In fact I am wondering if it is possible to complete this without reading line by line, because I initial solution is:
read each line, use REX
re.split(r'\s{2,}', line)
to split by double space
however, coz the column number is random, I can't simply generate a DF by that. Adding names=[] in pd.read_csv() will handle uneven columns, but this requires pre define column names and number.
Any suggestion?
Thank you!
Upvotes: 1
Views: 2546
Reputation: 43169
To provide another example in addition to the one provided by @JD Long, you could use a regular expression plus a list comprehension:
import re, pandas as pd
string = """
apple pear banana peach orange grape
dog cat white horse
salmon
tiger lion eagle hawk monkey
"""
rx = re.compile(r'''[ ]{2,}''')
items = [(rx.split(line)) for line in string.split("\n") if line]
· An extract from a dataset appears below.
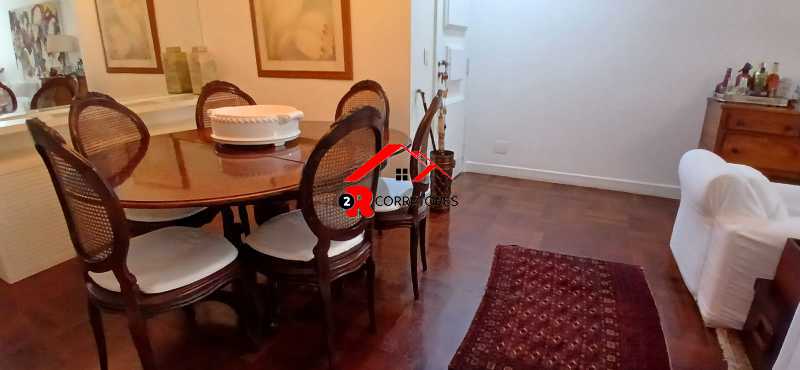 Apartamento à venda com 4 quartos, 160m² - Foto 17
df = pd.DataFrame.from_records(items)
print(df)
... which yields:
0 1 2 3
0 apple pear banana peach orange grape
1 dog cat white horse None
2 salmon None None None
3 tiger lion eagle hawk monkey
Upvotes: 1
Reputation: 60746
read_table()
is your friend here...
df = pd.read_table('./test.txt', sep=" ", header=None)
df.to_csv('outfile.csv')
any missing columns will be filled with NaN.
The text file test.txt above is the following:
test 2 1
t
t2 1
t3
t4 3 4
and df looks like this:
0 1 2
0 test 2.0 1.0
1 t NaN NaN
2 t2 1.0 NaN
3 t3 NaN NaN
4 t4 3.0 4.0
To get the quoting in the output you may need to use the quoting
option from csv:
import csv
import pandas as pd
df = pd.read_table('./test.txt', sep=" ", header=None)
df.to_csv(quoting=csv.QUOTE_NONNUMERIC)
Upvotes: 2